Art, Travel, Empires
- Some of the most important debates in the study of Orientalist visual culture have taken place around major exhibitions of painting and photography. Choose two exhibitions and analyse how each distinctively contributes to our understanding of Orientalist visual culture. Analyse the range of work included in each exhibition and evaluate their stated curatorial premises. Where possible take into consideration reviews and academic responses to these exhibitions. What are the strengths and limitations of each?
- Is it fair to describe Eugène Delacroix as the first ethnographic artist to work in North Africa? How much weight should be given to his desire to document a foreign way of life when evaluating the work he produced during and after his trip of 1832? Be sure to consider Delacroix’s watercolours as well as at least three major canvases in your reply.
3.
“When the Oriental artists and intellectuals speak and begin shaping the terms of the debate, the Orient as represented by the West sheds its homogeneity, timelessness and passivity, and becomes nuanced and complicated. It can no longer fit the frozen categories.” (Zeynep Çelik)

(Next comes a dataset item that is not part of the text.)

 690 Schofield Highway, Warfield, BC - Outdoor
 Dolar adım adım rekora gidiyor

Analyse how the inclusion of North African and Ottoman artists and patrons can ‘nuance’ and ‘complicate’ our understanding of Orientalist visual culture. In considering this issue analyse at least four works of art by European, North African and Ottoman artists and address their distinctive treatment of subject matter and style.

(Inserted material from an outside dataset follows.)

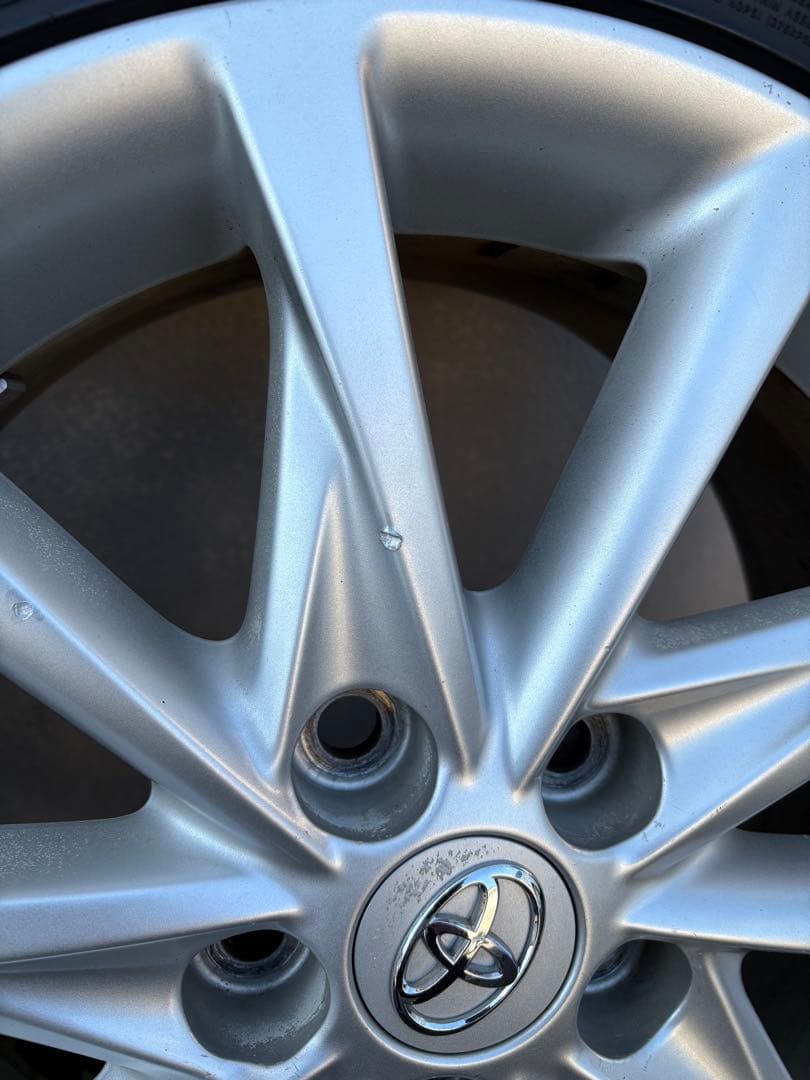 トヨタプリウスα純正17インチホイールセット Laufennタイヤ付き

“The degree of realism (or lack of it) in individual Orientalist images can hardly be discussed without some attempt to clarify whose reality we are talking about.” (Linda Nochlin)

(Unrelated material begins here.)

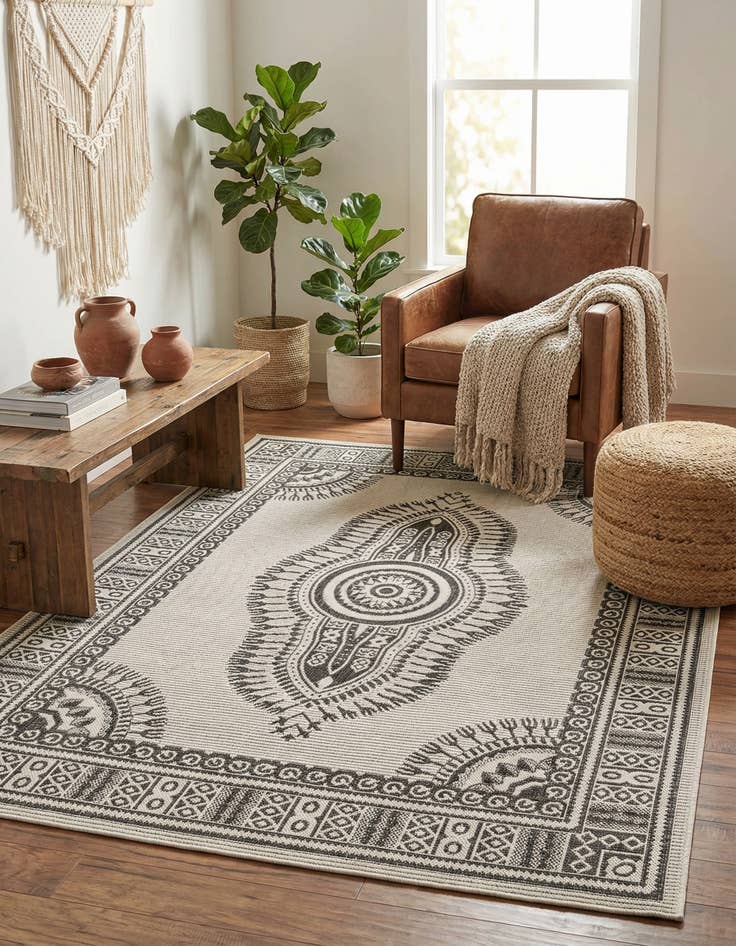 Detail image of 5' 3 x 7'  Washable Traditional Indoor / Outdoor Rug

Consider the validity of this statement by analysing selected works by nineteenth-century Realist Orientalists. Address Linda Nochlin’s analysis as well as recent shifts in the study of Orientalist realism. (You might choose to consider the work of Jean-Léon Gérôme, John Frederick Lewis, William Holman Hunt, or Osman Hamdi Bey).
- Analyse the various ways in which Western women’s Orientalism reaffirmed and/or challenged gender categories and Orientalist tropes. Compare the different responses of two or three women Orientalists focusing on the analysis of specific works of art and their critical reception.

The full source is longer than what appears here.